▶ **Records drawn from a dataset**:
========

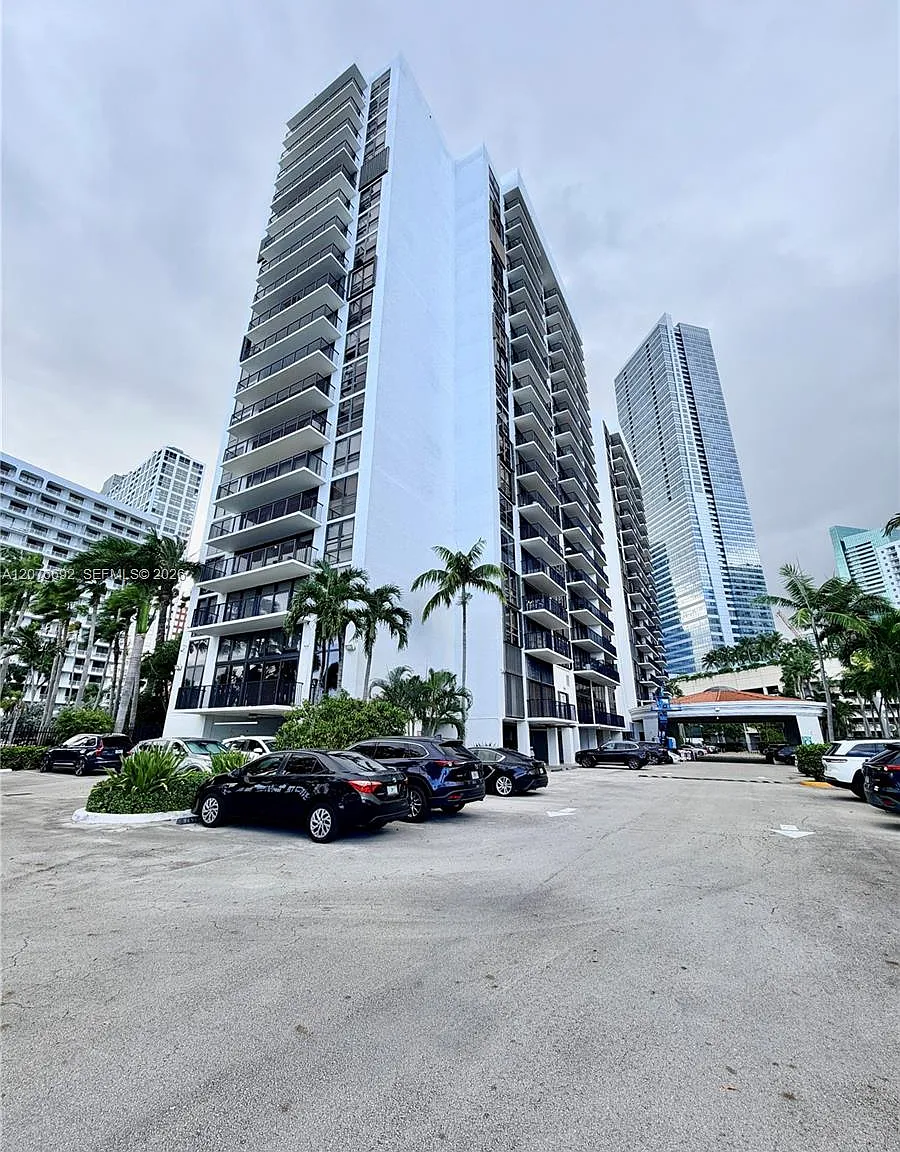 Costa Bella Condo — Photo 3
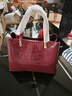 笛寇婚包女?huà)寢尰槎Y喜婆婆手提包包女通勤女神節時(shí)尚中年媽媽包斜挎包 酒紅色 曬單實(shí)拍圖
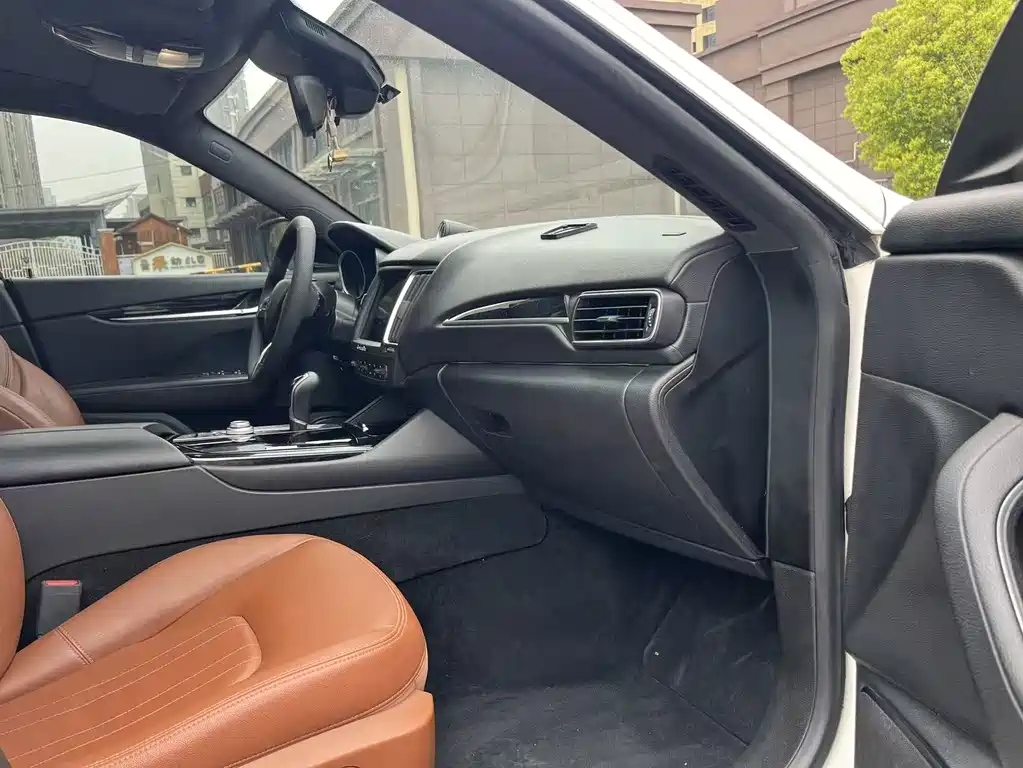 Maserati Levante 2018 — фото 16
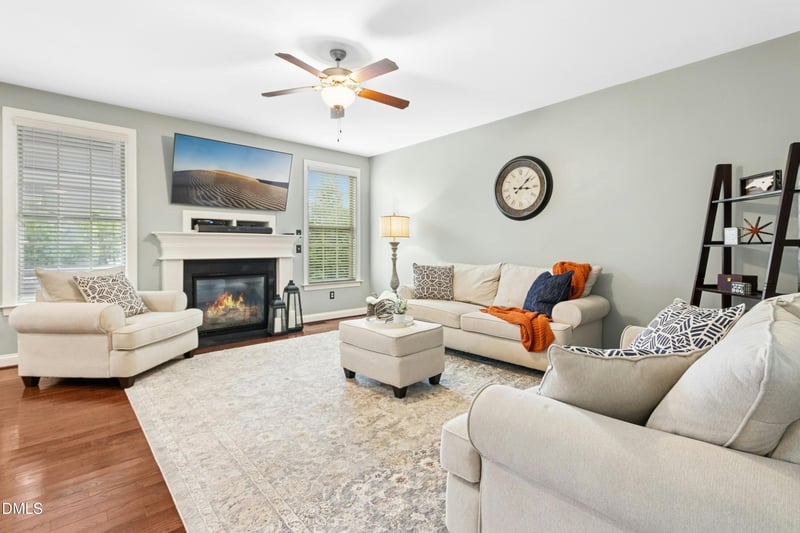 2701 Sardinia Ln, Apex, NC 27502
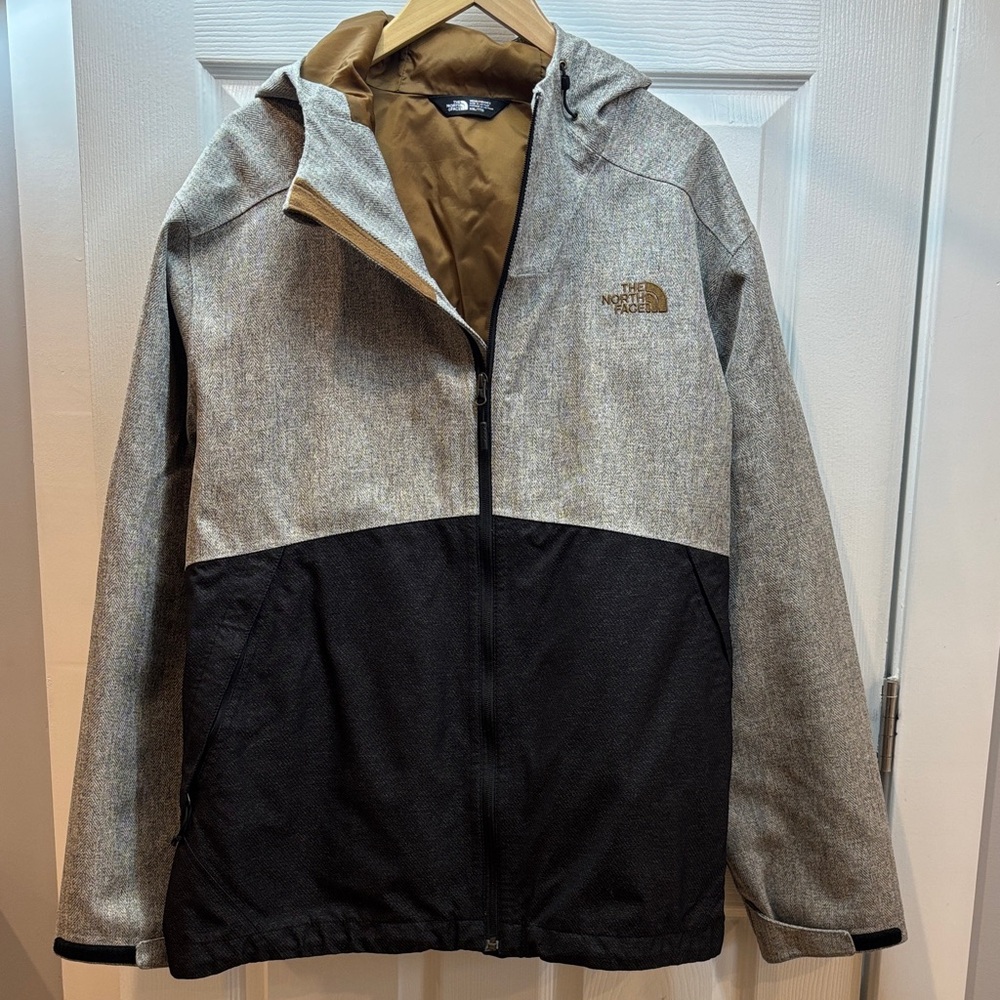 The North Face Men's Performance Jacket - Black and Gray
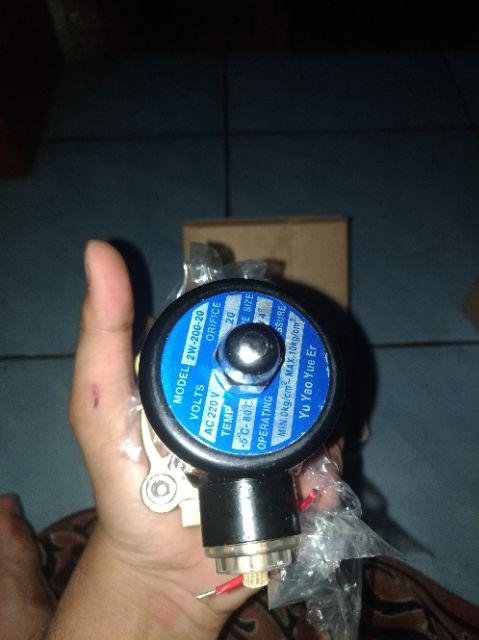 Keran Kran Air Oil Minyak Gas Electric Solenoid Water Valve Listrik 220v 3/4 Inch - 2w-200-20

========

▶ **Work to be completed**: Please copy the data above word for word, but only from the line that contains "The North Face" through the final line, both included, and without the pictures.

▶ **Your solution**:
 The North Face Men's Performance Jacket - Black and Gray
 Keran Kran Air Oil Minyak Gas Electric Solenoid Water Valve Listrik 220v 3/4 Inch - 2w-200-20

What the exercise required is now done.